## What you are asked to do:
Repeat the listing in full, exactly as it stands.

## Study material:
BEGIN

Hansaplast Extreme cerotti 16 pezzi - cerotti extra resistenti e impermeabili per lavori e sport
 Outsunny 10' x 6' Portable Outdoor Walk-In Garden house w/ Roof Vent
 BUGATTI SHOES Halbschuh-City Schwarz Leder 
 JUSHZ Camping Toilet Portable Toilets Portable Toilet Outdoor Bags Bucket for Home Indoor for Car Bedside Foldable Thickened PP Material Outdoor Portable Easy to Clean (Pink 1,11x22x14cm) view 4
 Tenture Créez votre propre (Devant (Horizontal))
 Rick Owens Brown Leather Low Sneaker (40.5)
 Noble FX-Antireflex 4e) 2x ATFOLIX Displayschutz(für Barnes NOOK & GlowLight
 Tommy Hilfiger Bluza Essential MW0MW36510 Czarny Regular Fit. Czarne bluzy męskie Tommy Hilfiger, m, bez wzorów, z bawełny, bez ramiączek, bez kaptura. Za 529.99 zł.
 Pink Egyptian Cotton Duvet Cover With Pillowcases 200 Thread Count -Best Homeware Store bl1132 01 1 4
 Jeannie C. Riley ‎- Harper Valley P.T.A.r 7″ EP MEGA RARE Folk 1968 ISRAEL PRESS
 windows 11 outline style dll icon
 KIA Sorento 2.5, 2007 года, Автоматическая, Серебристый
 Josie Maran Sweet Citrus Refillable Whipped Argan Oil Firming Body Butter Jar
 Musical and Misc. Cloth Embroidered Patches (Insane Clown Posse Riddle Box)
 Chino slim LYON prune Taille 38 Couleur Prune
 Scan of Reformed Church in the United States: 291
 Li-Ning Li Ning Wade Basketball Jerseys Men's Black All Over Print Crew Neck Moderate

END

## Written solution:
Hansaplast Extreme cerotti 16 pezzi - cerotti extra resistenti e impermeabili per lavori e sport
 Outsunny 10' x 6' Portable Outdoor Walk-In Garden house w/ Roof Vent
 BUGATTI SHOES Halbschuh-City Schwarz Leder 
 JUSHZ Camping Toilet Portable Toilets Portable Toilet Outdoor Bags Bucket for Home Indoor for Car Bedside Foldable Thickened PP Material Outdoor Portable Easy to Clean (Pink 1,11x22x14cm) view 4
 Tenture Créez votre propre (Devant (Horizontal))
 Rick Owens Brown Leather Low Sneaker (40.5)
 Noble FX-Antireflex 4e) 2x ATFOLIX Displayschutz(für Barnes NOOK & GlowLight
 Tommy Hilfiger Bluza Essential MW0MW36510 Czarny Regular Fit. Czarne bluzy męskie Tommy Hilfiger, m, bez wzorów, z bawełny, bez ramiączek, bez kaptura. Za 529.99 zł.
 Pink Egyptian Cotton Duvet Cover With Pillowcases 200 Thread Count -Best Homeware Store bl1132 01 1 4
 Jeannie C. Riley ‎- Harper Valley P.T.A.r 7″ EP MEGA RARE Folk 1968 ISRAEL PRESS
 windows 11 outline style dll icon
 KIA Sorento 2.5, 2007 года, Автоматическая, Серебристый
 Josie Maran Sweet Citrus Refillable Whipped Argan Oil Firming Body Butter Jar
 Musical and Misc. Cloth Embroidered Patches (Insane Clown Posse Riddle Box)
 Chino slim LYON prune Taille 38 Couleur Prune
 Scan of Reformed Church in the United States: 291
 Li-Ning Li Ning Wade Basketball Jerseys Men's Black All Over Print Crew Neck Moderate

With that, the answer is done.